PiperOrigin-RevId: 158111294
---
 .../core/kernels/depthwise_conv_op_gpu.cu.cc       | 254 ++++++++++++++++++---
 1 file changed, 224 insertions(+), 30 deletions(-)
diff --git a/tensorflow/core/kernels/depthwise_conv_op_gpu.cu.cc b/tensorflow/core/kernels/depthwise_conv_op_gpu.cu.cc
index 955756958b..e4d7c3d11e 100644
--- a/tensorflow/core/kernels/depthwise_conv_op_gpu.cu.cc
+++ b/tensorflow/core/kernels/depthwise_conv_op_gpu.cu.cc
@@ -34,8 +34,8 @@ namespace tensorflow {
 
 using Eigen::GpuDevice;
 
-// Returns whether depthwise convolution forward pass can be performed using the
-// faster ('Small') variant of the kernel.

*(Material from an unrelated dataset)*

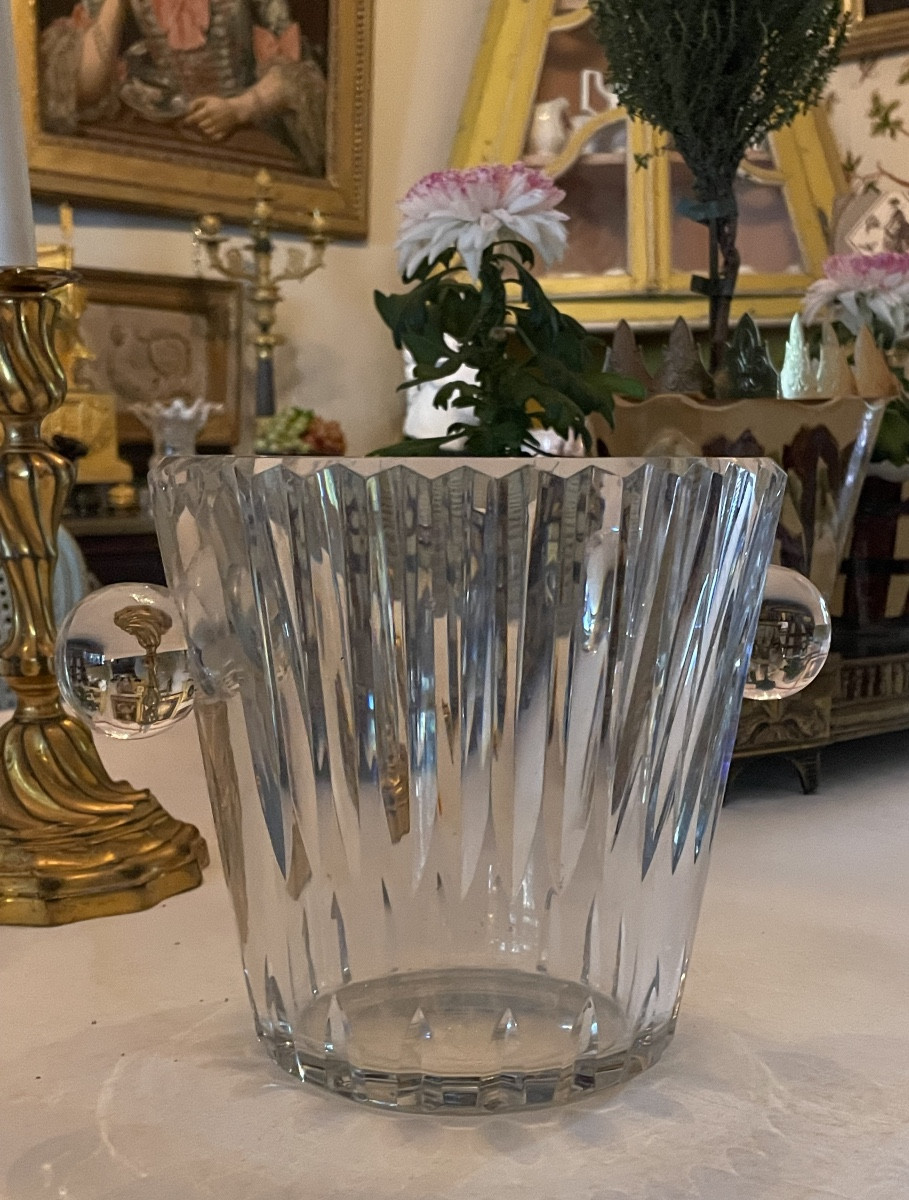 Champagne Bucket From The Baccarat Crystal Works, France.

+// Returns whether depthwise convolution forward or backward input pass can be
+// performed using the faster ('Small') variant of the kernel.
 EIGEN_DEVICE_FUNC bool CanLaunchDepthwiseConv2dGPUSmall(
     const DepthwiseArgs args) {
   return args.depth_multiplier == 1 && args.stride == 1 && args.in_rows <= 16 &&
@@ -47,6 +47,18 @@ EIGEN_DEVICE_FUNC bool CanLaunchDepthwiseConv2dGPUSmall(
              (args.in_rows + 1) / 2 * args.in_cols;
 }
 
+// Returns whether depthwise convolution backward filter pass can be performed
+// using the faster ('Small') variant of the kernel.
+EIGEN_DEVICE_FUNC bool CanLaunchDepthwiseConv2dBackpropFilterGPUSmall(
+    const DepthwiseArgs args, const int block_rows) {
+  return args.depth_multiplier == 1 && args.stride == 1 && args.in_rows <= 16 &&
+         args.in_cols <= 16 && args.in_rows == args.out_rows &&
+         args.in_cols == args.out_cols && args.pad_rows >= 0 &&
+         args.pad_rows < args.filter_rows && args.pad_cols >= 0 &&
+         args.pad_cols < args.filter_cols && block_rows <= args.in_rows &&
+         args.filter_rows * args.filter_cols <= args.in_cols * block_rows;
+}
+
 // A Cuda kernel to compute the depthwise convolution forward pass
 // in NHWC format.
 template <typename T, int kKnownFilterWidth, int kKnownFilterHeight,
@@ -1288,8 +1300,9 @@ __global__ void __launch_bounds__(640, 2)
 }
 
 // CUDA kernel to compute the depthwise convolution backward w.r.t. filter in
-// NCHW format, tailored for small images up to 16x16. Stride and depth
-// multiplier must be 1. Padding must be 'SAME'.
+// NHWC format, tailored for small images up to 16x16. Stride and depth
+// multiplier must be 1. Padding must be 'SAME'. Only use this kernel if
+// CanLaunchDepthwiseConv2dGPUSmall(args) returns true.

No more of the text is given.